* _What you should do_
Exact copy, no pictures: reproduce the lines from the one that holds "this 250×188 image." through the end of the entries.
====================
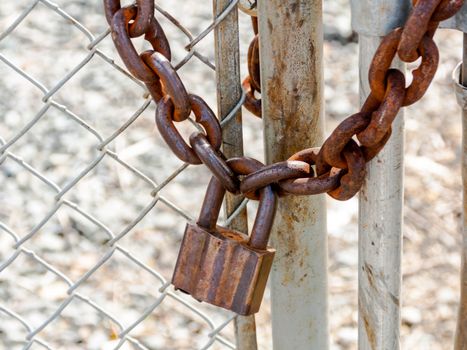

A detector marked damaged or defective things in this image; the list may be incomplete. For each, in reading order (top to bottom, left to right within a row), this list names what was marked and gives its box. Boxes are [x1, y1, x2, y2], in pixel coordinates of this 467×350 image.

corroded chain link [105, 0, 464, 208]
rusty padlock [173, 175, 278, 314]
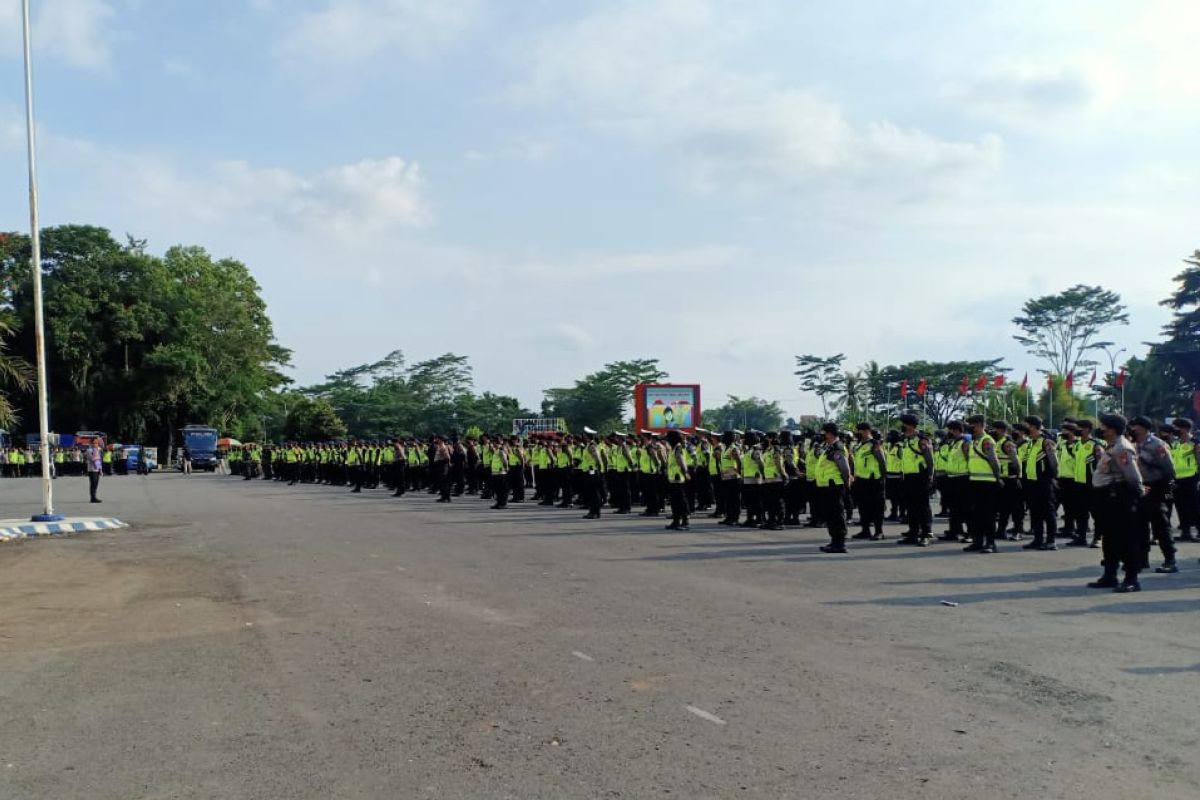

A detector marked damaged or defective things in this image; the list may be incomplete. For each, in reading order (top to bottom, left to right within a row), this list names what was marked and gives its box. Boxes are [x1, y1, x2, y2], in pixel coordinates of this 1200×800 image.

cracked asphalt surface [2, 472, 1200, 796]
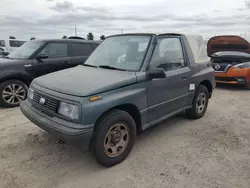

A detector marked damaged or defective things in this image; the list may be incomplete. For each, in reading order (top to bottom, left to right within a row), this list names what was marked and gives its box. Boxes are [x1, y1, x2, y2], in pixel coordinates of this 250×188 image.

damaged vehicle [21, 33, 215, 167]
damaged vehicle [207, 35, 250, 89]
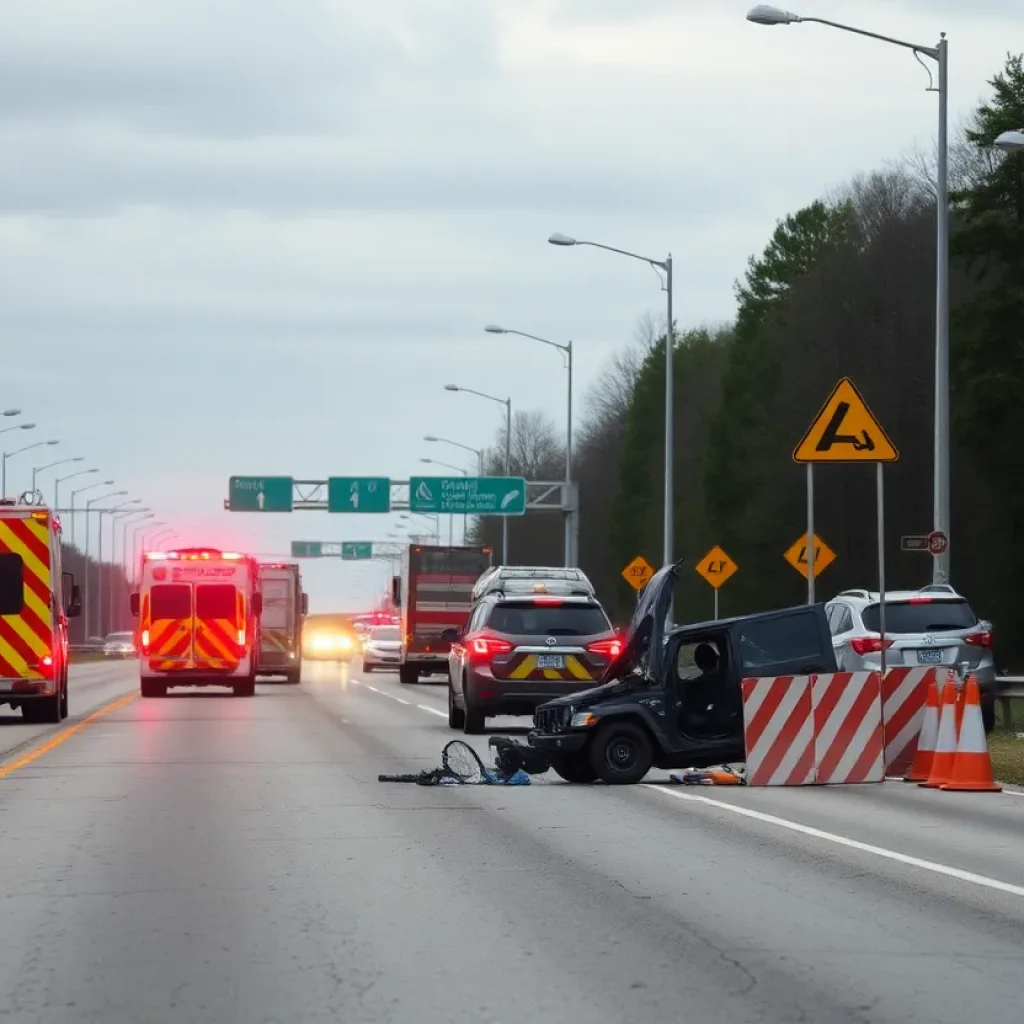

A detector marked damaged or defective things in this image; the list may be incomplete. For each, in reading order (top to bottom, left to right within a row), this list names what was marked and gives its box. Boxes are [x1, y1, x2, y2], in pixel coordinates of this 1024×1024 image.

damaged black truck [528, 561, 839, 782]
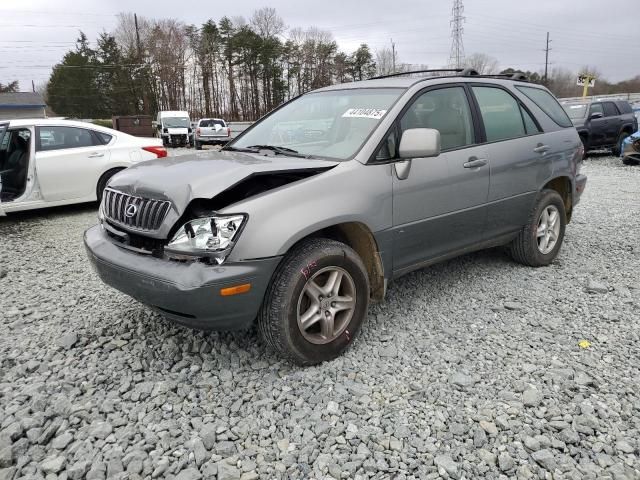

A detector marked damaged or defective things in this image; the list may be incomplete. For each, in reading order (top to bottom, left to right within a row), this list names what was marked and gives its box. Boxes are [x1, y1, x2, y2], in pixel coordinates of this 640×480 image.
====================
* _Task result_
A detector marked damaged or defective things in this image; the list may be incomplete. For each, in reading order (top to bottom, left to right within a row), this list names what was marked and gives its box. Boxes are [x1, y1, x2, y2], in pixel coordinates of this 250×188 image.

damaged vehicle [21, 33, 215, 167]
damaged vehicle [207, 35, 250, 89]

A detector marked damaged or defective things in this image; the list may be incomplete. For each, in reading order (top to bottom, left to right within a row), this list names what was marked and gives its box. Boxes are [x1, y1, x2, y2], in pixel coordinates of this 1024×1024 image.

damaged black truck [528, 561, 839, 782]

A detector marked damaged or defective things in this image; the list may be incomplete. For each, in reading order (top to bottom, left to right within a row), this list names what was marked and gives its box. Boxes are [x1, y1, x2, y2], in pixel coordinates of this 640×480 image.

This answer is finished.